No, the Church does not support illegal immigration, it's the bishops who profit from it.

No, the Church does not support illegal immigration, it's the bishops who profit from it.

No, the Church does not support the mass regularization of illegal immigrants. Those who support it are a part of the Spanish episcopate. And confusing the two is not an innocent mistake: it is an ecclesiological falsification.

Every time a media outlet headlines that “the Church” backs a specific government measure, a conceptual trap is consummated that benefits everyone except the faithful. Because the Church is not the Episcopal Conference. Nor does the Episcopal Conference command the Church. Nor does it automatically speak in its name when it issues political opinions.

Catholic doctrine is clear and perfectly defined.
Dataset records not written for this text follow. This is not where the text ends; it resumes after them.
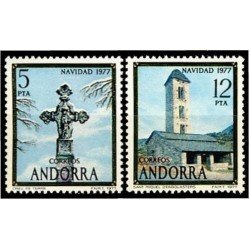 Andorra Española 110/11 1977 Navidad 77 MNH Andorra Española 110/11 1977 Navidad 77 MNH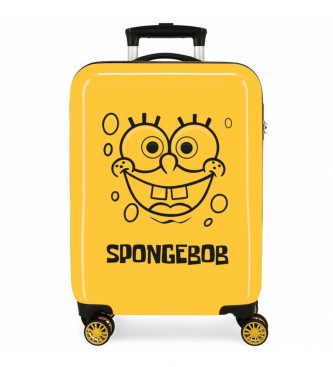 Disney Sponge Bob saco de cabine amarelo rgido -38x55x20cm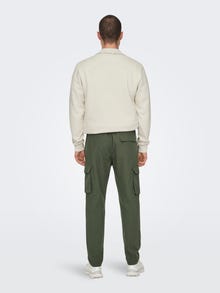 ONLY & SONS ONSLINUS Tapered Fit Cargo trousers -Olive Night - 22028268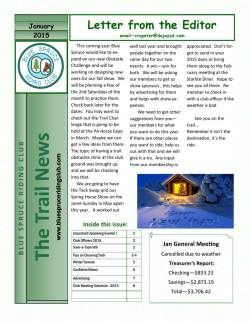 The Trail New s - Blue Spruce Riding Club
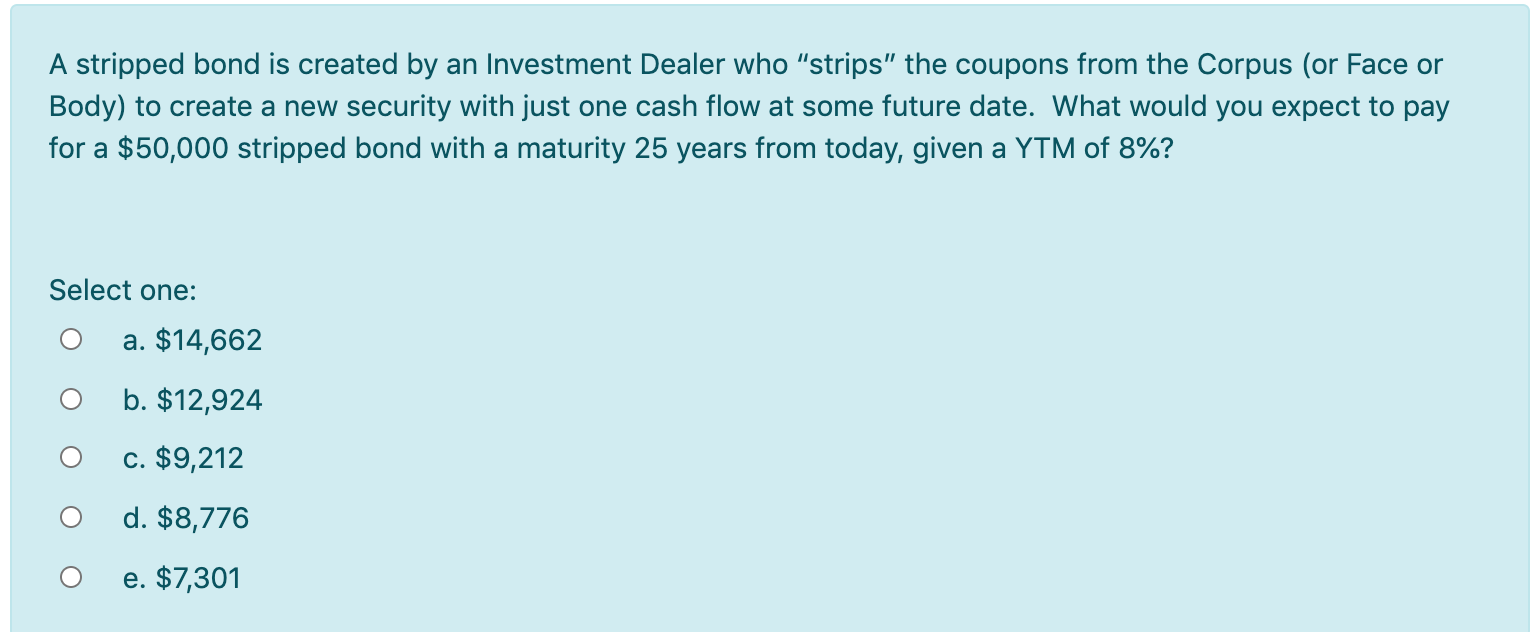 government bond and a risky corporate bond of the same maturity. Which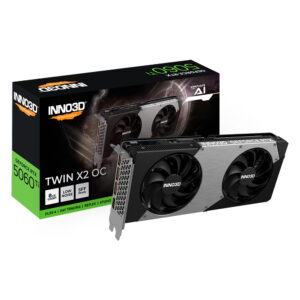 GPU INNO3D GEFORCE RTX 5060 TI 8GB 128BITS GDDR7 TWIN X2 OC N506T2-08D7X-193075N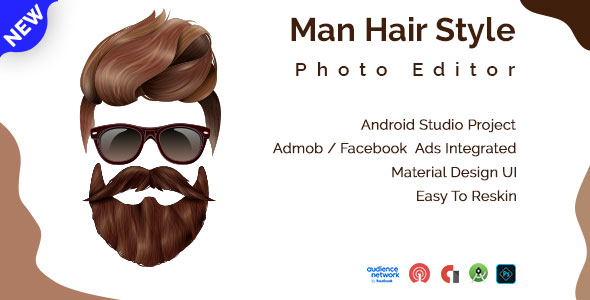 Man Hair Style Photo Editor Android App by UKOsoft | CodeCanyon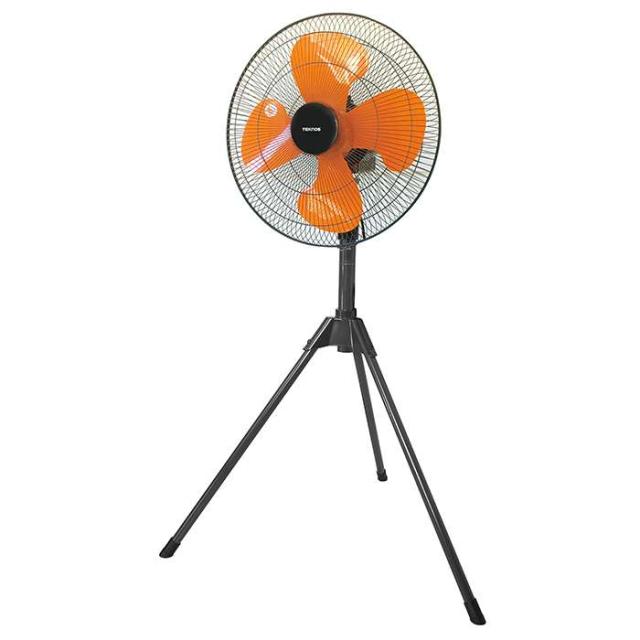 工業用扇風機 羽根オレンジ 43.5cm スタンド折りたたみ式  TEKNOS KG-459R
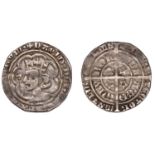 David II (1329-1371), Second coinage, Class A, Groat, class A6, Edinburgh, mm. cross pattÃ©e,...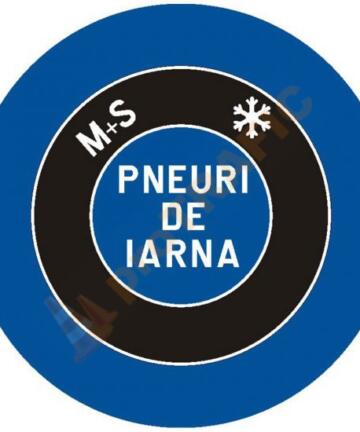 Indicator rutier obligare D15A Lanturi zapada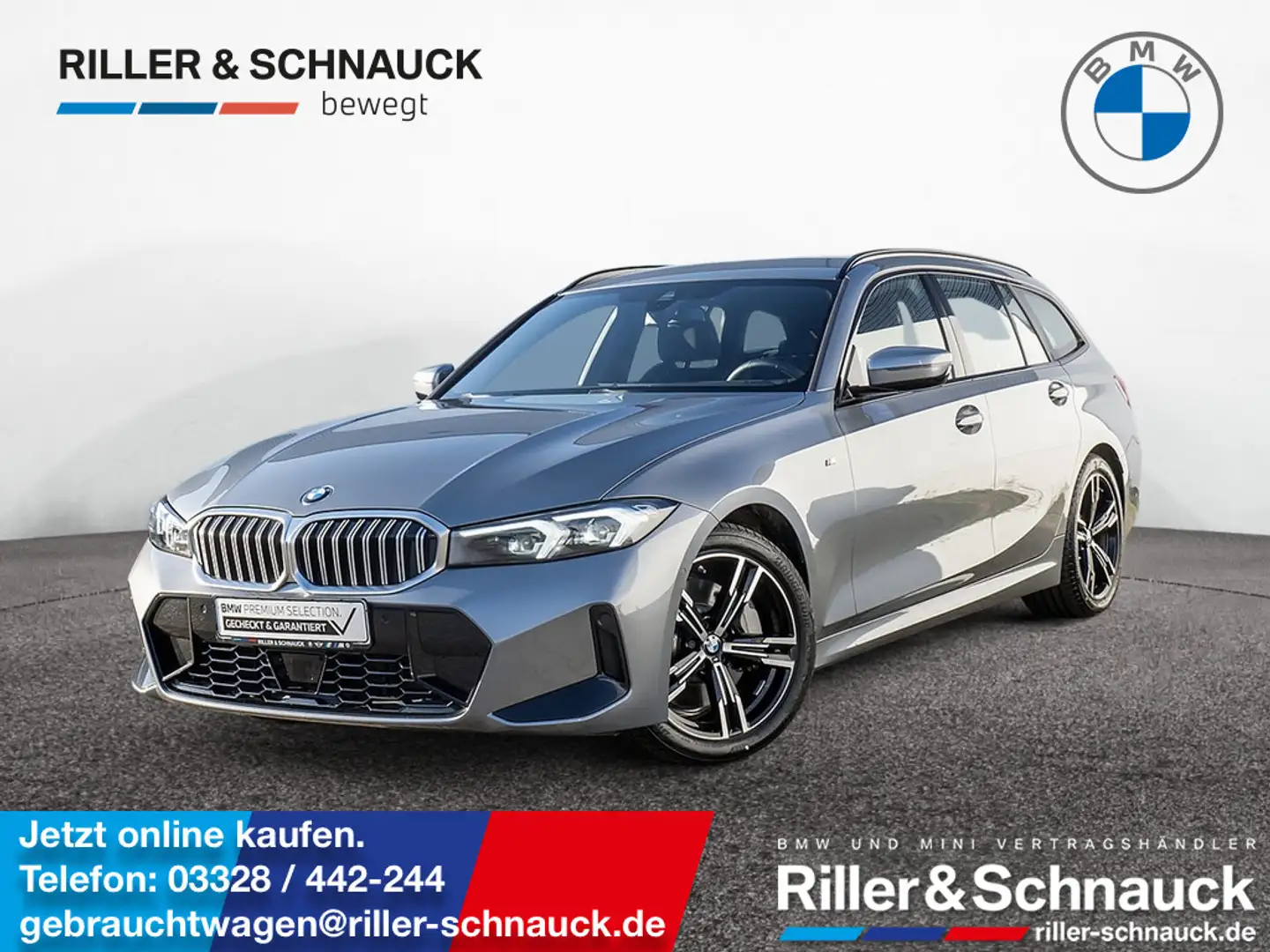 BMW 330 i Touring xDrive M Sport ACC+KAM+LED+NAVI+ Grau - 1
In the Church, there is a distinction of missions. It is the bishops’ responsibility to teach the faith, safeguard the doctrine, sanctify through the sacraments, and govern in strictly ecclesial matters. To the laity, on the other hand, corresponds a specific and proper task: to order temporal realities according to the Gospel.

That includes politics, the economy, legislation, social organization. That is: precisely the terrain where today we see bishops occupying the space that does not correspond to them, while they de facto discredit—although they don’t say it—the laity who do have direct competence in those matters.

When a bishop presents a mass regularization decided by a specific government as morally indisputable, he is not exercising his magisterium. He is issuing a prudential opinion. And prudential opinions do not bind in conscience. Neither the faithful, nor the laity, nor anyone.

Even more: when that opinion coincides millimeter by millimeter with the ideological framework of a political power that legislates systematically against natural law and against the Catholic faith, the problem is no longer just one of competence, but of scandal.

Catholic laity are not called to repeat episcopal statements like pious parrots. They are called to judge political reality with reason enlightened by faith, to legitimately disagree when a measure harms the common good, and to defend different solutions without feeling guilty or disobedient.

Saying that “the Church supports regularization” is a crude way to silence that legitimate disagreement. It is to turn a debatable political option into a non-existent moral mandate. It is to use the cassock as an alibi.

It is advisable to remember this clearly, even if it bothers: the Church does not vote on decrees, does not draft BOE nor manage borders. And when some bishops seem to forget it, they are not speaking in the name of the Church, but in their own name.

Confusing the two is not communion. It is clericalism. And the bad kind.